● Aim of the task: Word for word, reproduce each line of the data below, omitting every image.

● Given material:
*** Begin section ***

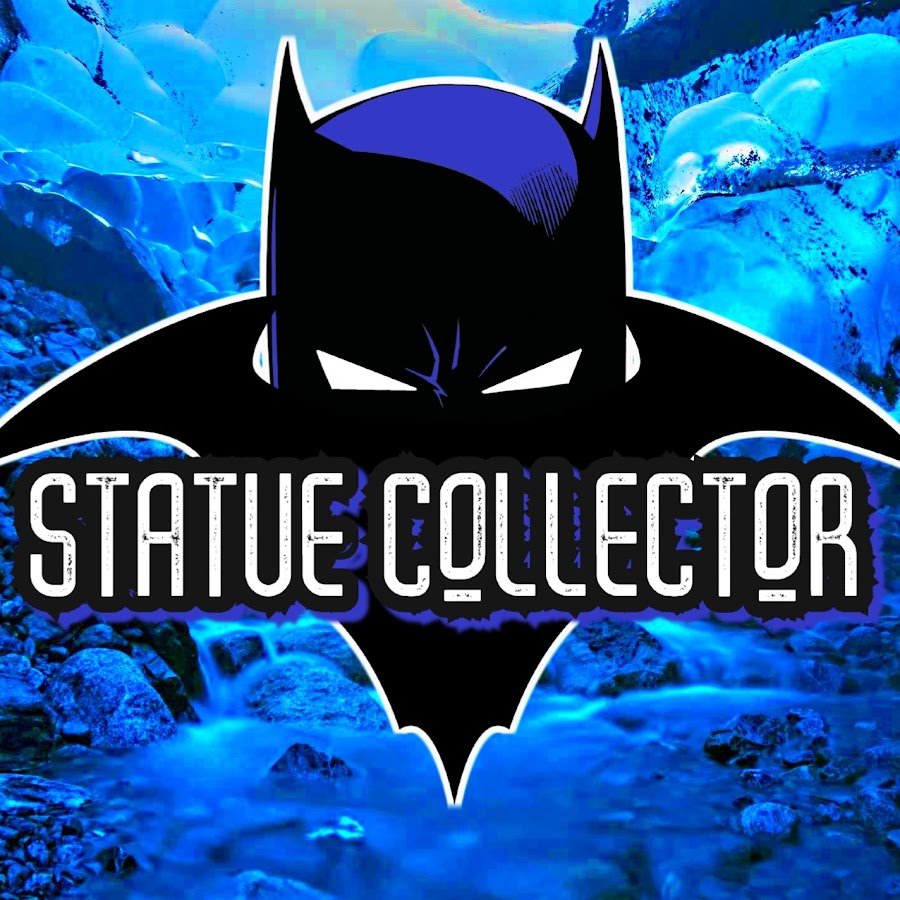 Batman Statue Collector - YouTube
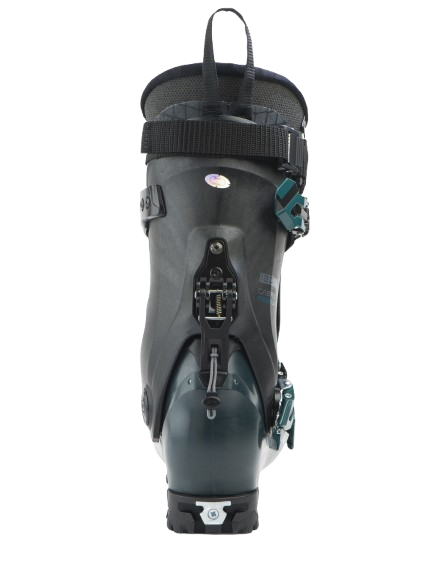 Clapari schi Dalbello Cabrio MV Free 120 IF Dark Petrol/Black - 2025/26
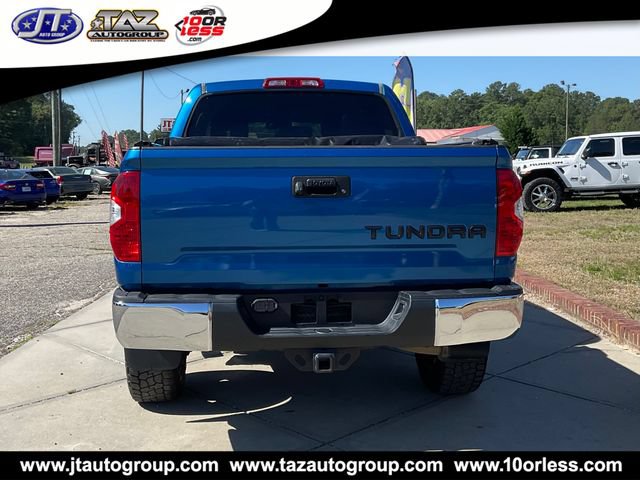 Used 2017 Toyota Tundra SR5 w/ SR5 Upgrade Package RWD image 6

*** End section ***

● Reply to the exercise:
 Batman Statue Collector - YouTube
 Clapari schi Dalbello Cabrio MV Free 120 IF Dark Petrol/Black - 2025/26
 Used 2017 Toyota Tundra SR5 w/ SR5 Upgrade Package RWD image 6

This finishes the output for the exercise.